<<<<

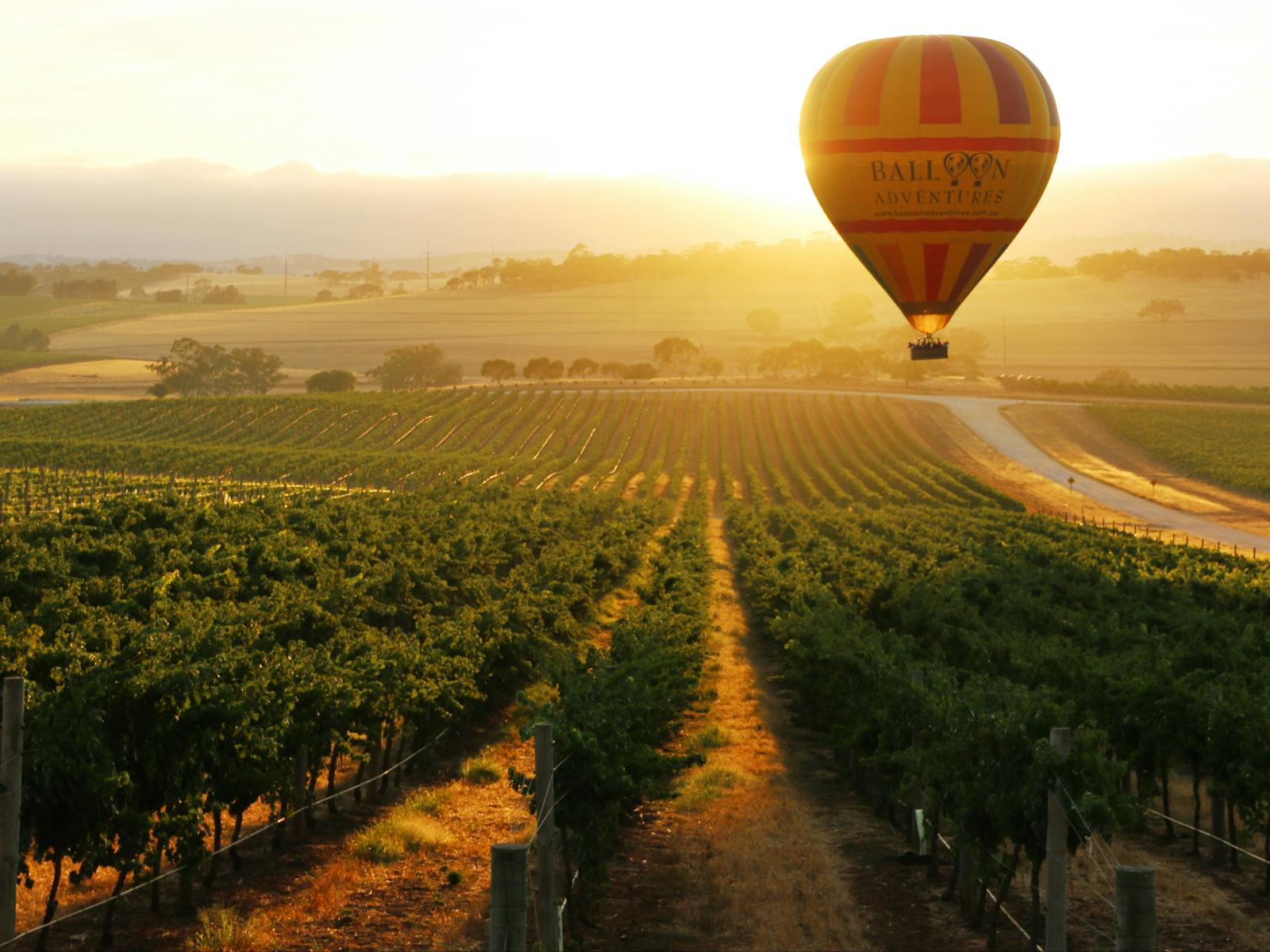 Ballooning in the Barossa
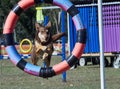 Australian Kelpie shepherd dog jumps through a ring in Agility trials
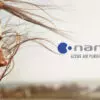 Stay Safe and Healthy Indoors this Winter with nanoe™ X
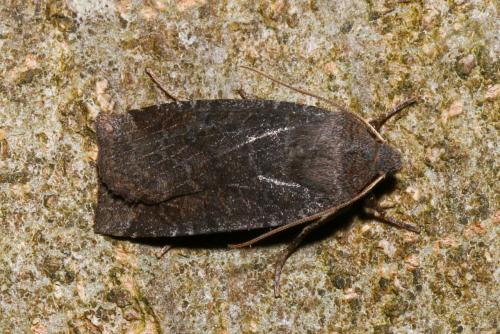 Réf. 153 751 : Conistra ligula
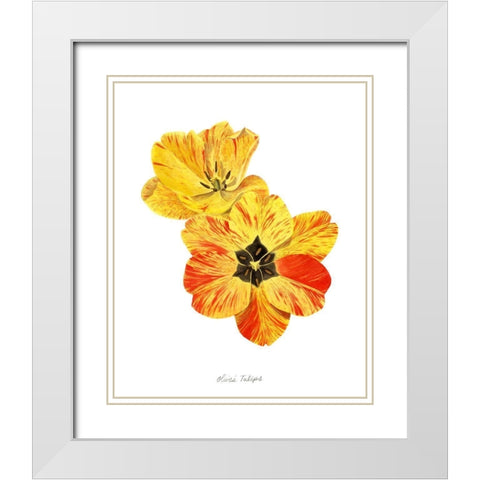 Olives Tulips I White Modern Wood Framed Art Print with Double Matting by Popp, Grace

>>>>

§ **YOUR ASSIGNMENT**
Omit the pictures; print the records above exactly.

§ **YOUR RESPONSE**
 Ballooning in the Barossa
 Australian Kelpie shepherd dog jumps through a ring in Agility trials
 Stay Safe and Healthy Indoors this Winter with nanoe™ X
 Réf. 153 751 : Conistra ligula
 Olives Tulips I White Modern Wood Framed Art Print with Double Matting by Popp, Grace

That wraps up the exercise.